In many polling centers, the simple fact of delay in the delivery of PCOS machines or in the vote counting process itself caused disenfranchised voters in the problematic precincts to instead head home and forfeit their votes.Lasallians who volunteered with NAMFREL to monitor four polling centers yesterday reported by independent count as many as 13 malfunctioning machines in the four schools alone, approximately delaying the process for at least 50 precincts.

In addition, precincts with defective and malfunctioning machines, for lack of a better alternative, proceeded with the old method of simply collecting ballot boxes to be delivered either to the local canvassing committees, or locations ordered by less well-intentioned individuals and groups. Case in point, according to the updates of Lasallian NAMFREL poll watchers, a ballot box with votes from seven precincts in a Manila elementary school was ordered to be sent outside Metro Manila for canvassing, separately from other ballot boxes, under the orders of the school’s principal.

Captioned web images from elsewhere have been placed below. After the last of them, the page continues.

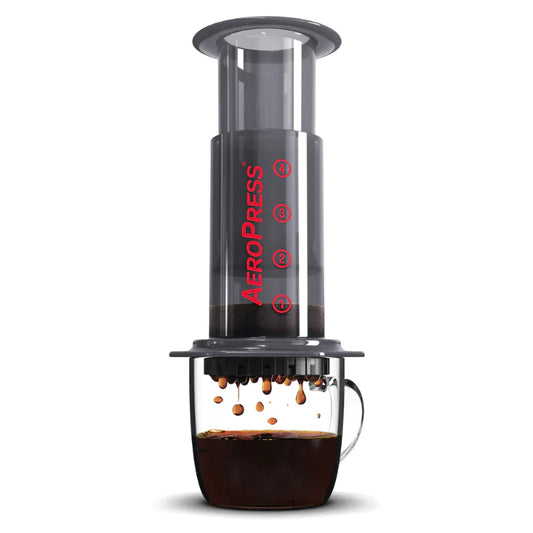 AEROPRESS COFFEE MAKER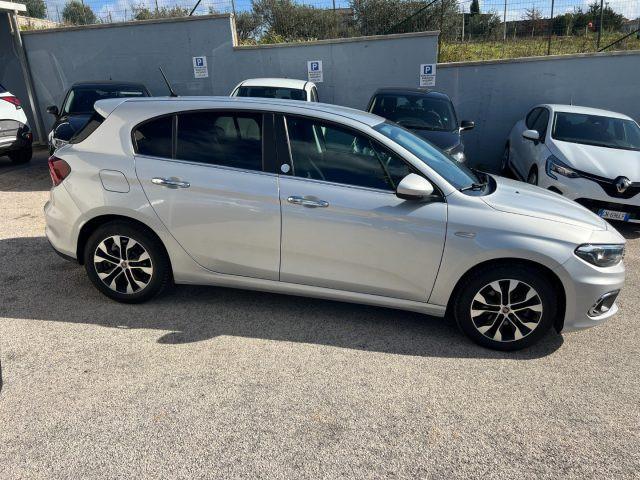 FIAT Tipo 1.6 Mjt S&S 5 porte Mirror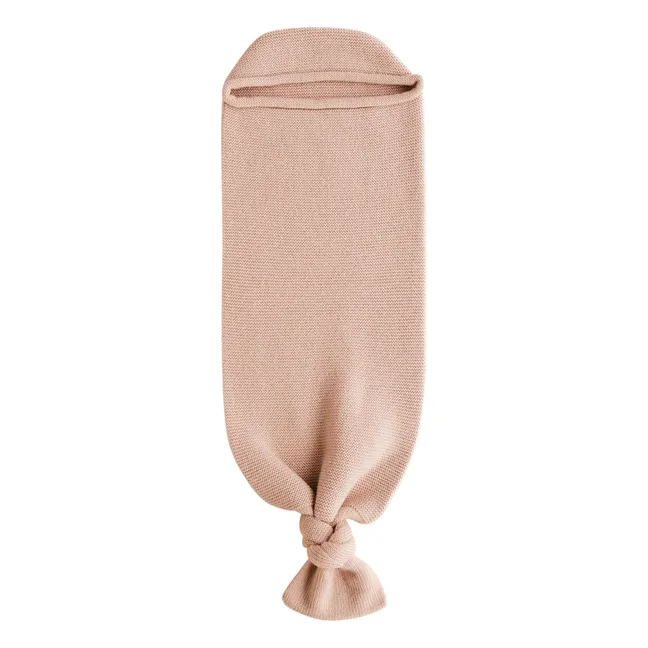 Nid D'ange Merino Wool | Apricot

Consistently, the poll watchers monitored many other electoral violations in the assigned precincts: sample ballots with shaded candidates, political paraphernalia and blatant vote buying from “poll watchers”, the use of minors in electioneering within precincts and partisan assistants who “guided” voters without official permits, among others.

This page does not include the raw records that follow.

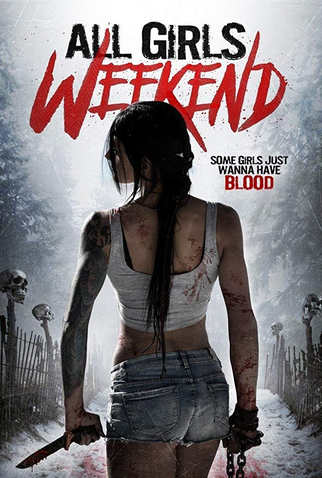 Poster 1 de Filme A Maldição da Floresta (2016)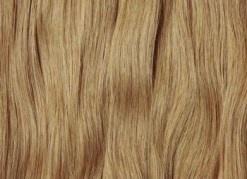 Tape in Extentions, honey blonde 1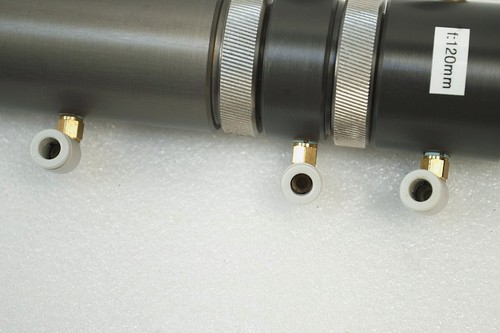 Lisa Laser Body f:120mm KOSTENLOSER VERSAND - Bild 6 von 6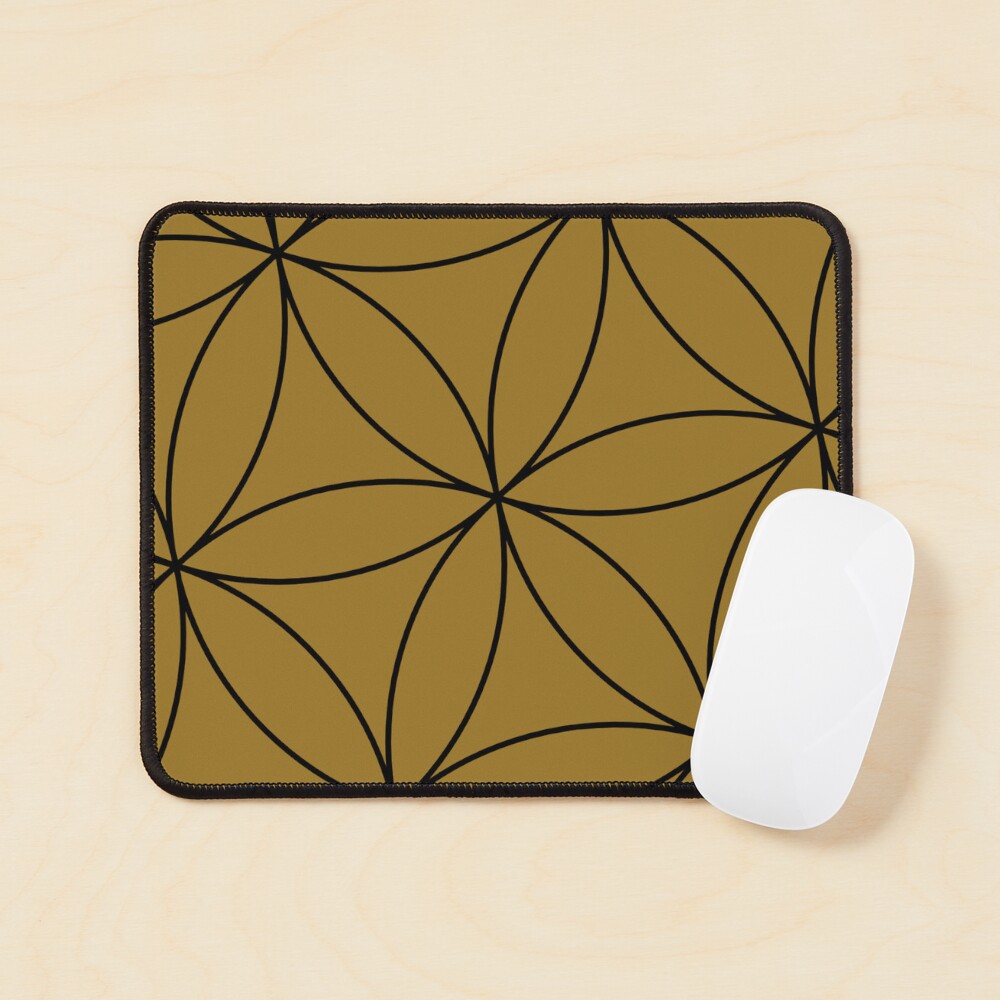 Item preview, Mouse Pad designed and sold by LemonFun.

Despite statements from the PNP that the elections are ‘peaceful’, outside Metro Manila, electoral violence remains the norm, both during the campaign period and election day, which became particularly bloody in Sulu, Maguindanao and parts of Luzon. PNP figures cite 46 deaths during the entire period, and 72 reported incidents of electoral violence, 104 less than in 2010.

All these in mind, enforcement of Comelec policy remained the biggest problem, not quite differently from the pre-automation period. Where the Philippines is finally on track in working out its automated elections system, and PCOS machines have greatly expedited the counting and canvassing process, election monitoring groups and the Comelec still have a lot of work to do in terms of addressing the bigger problems that hinder the conduct of truly democratic voting.

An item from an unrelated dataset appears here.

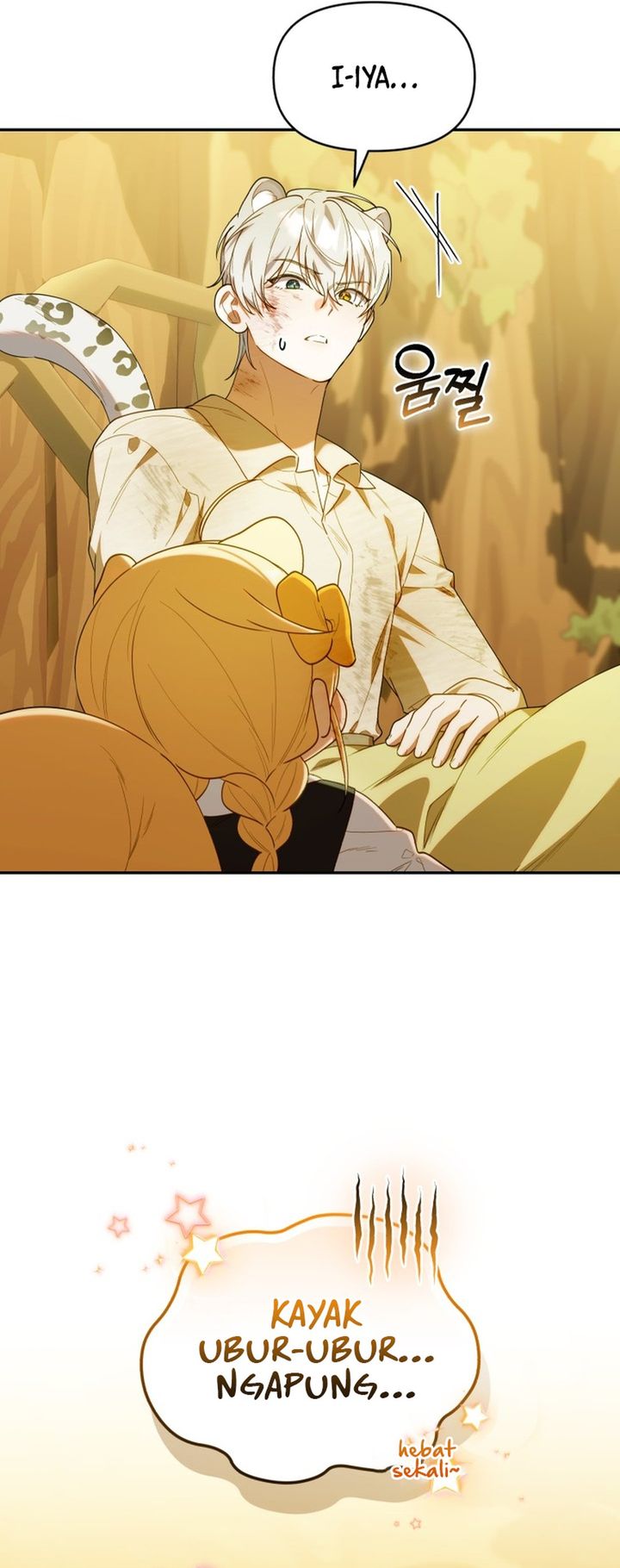 Baca Dungeons and Crayons - Chapter 65 halaman 30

With the next presidential elections only three years away, Comelec has to keep in mind that despite hopeful forecasts of automation 10 years ago, the cadenas have adapted and are still operating, and that the PCOS machines have not yet truly eradicated wholesale electoral fraud. Evaluating policies based on this year’s reports is a response, but is only one aspect of removing the impediments to a democratic election, just like automation is merely an important aspect of enabling that democratic environment. Electoral reform does not end with evaluation or automation: it ends, ultimately, in enforcement and vigilant action.

Even though this action, being more vigilant and critical of the flaws in the electoral system, holds governing authorities accountable and challenges them to be more capable of responsive execution, it is still not enough to vindicate electoral fraud and other obstructions to the basic exercise of voters’ political right. At the end of the day, people are not aware of how extensive the operation has been done, and why anomalies occur in the first place, even if voters’ education does happen.

Action is not confined to policymakers and electoral watchdogs that are themselves susceptible to organizational weaknesses, such as the conduct of abundant voters’ education campaigns that might be lacking effectiveness, or operation that might be logistically unsound and cannot be supported by adequately planned contingencies or sufficient government capital. Citizens then have to express the wrongs, and the vigilant action that falls to every voter and capable citizen to voice out what went wrong and how, in their precincts and their communities, and speak the truth to power, either online, or by themselves becoming part of election monitoring groups and organizations, instead of letting both the formal institutions and the stronger informal groups impede their right to a fair and free election.